Start of INPUT FOR THIS TASK

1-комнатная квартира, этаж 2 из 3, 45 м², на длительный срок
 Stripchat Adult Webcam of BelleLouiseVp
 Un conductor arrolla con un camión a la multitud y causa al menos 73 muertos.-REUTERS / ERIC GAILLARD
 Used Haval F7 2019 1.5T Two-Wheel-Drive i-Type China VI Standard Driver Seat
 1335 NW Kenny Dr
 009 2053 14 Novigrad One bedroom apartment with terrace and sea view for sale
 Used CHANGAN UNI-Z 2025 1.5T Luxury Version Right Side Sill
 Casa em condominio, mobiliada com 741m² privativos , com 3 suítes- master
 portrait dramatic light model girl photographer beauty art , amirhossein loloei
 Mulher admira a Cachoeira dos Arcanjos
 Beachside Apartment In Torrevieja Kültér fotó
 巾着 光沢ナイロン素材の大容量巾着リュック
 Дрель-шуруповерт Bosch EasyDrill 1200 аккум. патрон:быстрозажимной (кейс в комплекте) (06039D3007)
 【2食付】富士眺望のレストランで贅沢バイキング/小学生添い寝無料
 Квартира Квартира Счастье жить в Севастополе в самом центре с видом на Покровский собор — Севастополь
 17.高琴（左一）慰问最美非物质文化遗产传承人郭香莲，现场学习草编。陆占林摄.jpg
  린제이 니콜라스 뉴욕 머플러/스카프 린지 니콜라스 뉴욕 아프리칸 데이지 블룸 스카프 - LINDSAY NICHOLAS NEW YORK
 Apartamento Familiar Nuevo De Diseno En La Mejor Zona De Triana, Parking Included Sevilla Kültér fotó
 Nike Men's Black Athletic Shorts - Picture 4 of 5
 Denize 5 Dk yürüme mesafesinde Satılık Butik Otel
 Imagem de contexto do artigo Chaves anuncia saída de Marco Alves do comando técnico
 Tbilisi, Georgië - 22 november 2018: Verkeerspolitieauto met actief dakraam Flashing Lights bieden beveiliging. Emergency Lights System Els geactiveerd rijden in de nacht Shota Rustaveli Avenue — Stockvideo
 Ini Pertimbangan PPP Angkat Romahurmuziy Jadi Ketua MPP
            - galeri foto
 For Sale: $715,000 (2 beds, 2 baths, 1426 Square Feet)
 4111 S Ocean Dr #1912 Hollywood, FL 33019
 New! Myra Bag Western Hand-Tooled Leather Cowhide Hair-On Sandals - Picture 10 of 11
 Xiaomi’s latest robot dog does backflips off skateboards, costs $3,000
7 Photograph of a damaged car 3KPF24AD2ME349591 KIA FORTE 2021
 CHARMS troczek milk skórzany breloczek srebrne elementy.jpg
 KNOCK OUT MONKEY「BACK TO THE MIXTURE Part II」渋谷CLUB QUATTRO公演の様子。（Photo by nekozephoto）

End of INPUT FOR THIS TASK

* [ASSIGNED TASK]: Retype the whole listing exactly.

* [RESPONSE TO THIS EXERCISE]:
1-комнатная квартира, этаж 2 из 3, 45 м², на длительный срок
 Stripchat Adult Webcam of BelleLouiseVp
 Un conductor arrolla con un camión a la multitud y causa al menos 73 muertos.-REUTERS / ERIC GAILLARD
 Used Haval F7 2019 1.5T Two-Wheel-Drive i-Type China VI Standard Driver Seat
 1335 NW Kenny Dr
 009 2053 14 Novigrad One bedroom apartment with terrace and sea view for sale
 Used CHANGAN UNI-Z 2025 1.5T Luxury Version Right Side Sill
 Casa em condominio, mobiliada com 741m² privativos , com 3 suítes- master
 portrait dramatic light model girl photographer beauty art , amirhossein loloei
 Mulher admira a Cachoeira dos Arcanjos
 Beachside Apartment In Torrevieja Kültér fotó
 巾着 光沢ナイロン素材の大容量巾着リュック
 Дрель-шуруповерт Bosch EasyDrill 1200 аккум. патрон:быстрозажимной (кейс в комплекте) (06039D3007)
 【2食付】富士眺望のレストランで贅沢バイキング/小学生添い寝無料
 Квартира Квартира Счастье жить в Севастополе в самом центре с видом на Покровский собор — Севастополь
 17.高琴（左一）慰问最美非物质文化遗产传承人郭香莲，现场学习草编。陆占林摄.jpg
  린제이 니콜라스 뉴욕 머플러/스카프 린지 니콜라스 뉴욕 아프리칸 데이지 블룸 스카프 - LINDSAY NICHOLAS NEW YORK
 Apartamento Familiar Nuevo De Diseno En La Mejor Zona De Triana, Parking Included Sevilla Kültér fotó
 Nike Men's Black Athletic Shorts - Picture 4 of 5
 Denize 5 Dk yürüme mesafesinde Satılık Butik Otel
 Imagem de contexto do artigo Chaves anuncia saída de Marco Alves do comando técnico
 Tbilisi, Georgië - 22 november 2018: Verkeerspolitieauto met actief dakraam Flashing Lights bieden beveiliging. Emergency Lights System Els geactiveerd rijden in de nacht Shota Rustaveli Avenue — Stockvideo
 Ini Pertimbangan PPP Angkat Romahurmuziy Jadi Ketua MPP
            - galeri foto
 For Sale: $715,000 (2 beds, 2 baths, 1426 Square Feet)
 4111 S Ocean Dr #1912 Hollywood, FL 33019
 New! Myra Bag Western Hand-Tooled Leather Cowhide Hair-On Sandals - Picture 10 of 11
 Xiaomi’s latest robot dog does backflips off skateboards, costs $3,000
7 Photograph of a damaged car 3KPF24AD2ME349591 KIA FORTE 2021
 CHARMS troczek milk skórzany breloczek srebrne elementy.jpg
 KNOCK OUT MONKEY「BACK TO THE MIXTURE Part II」渋谷CLUB QUATTRO公演の様子。（Photo by nekozephoto）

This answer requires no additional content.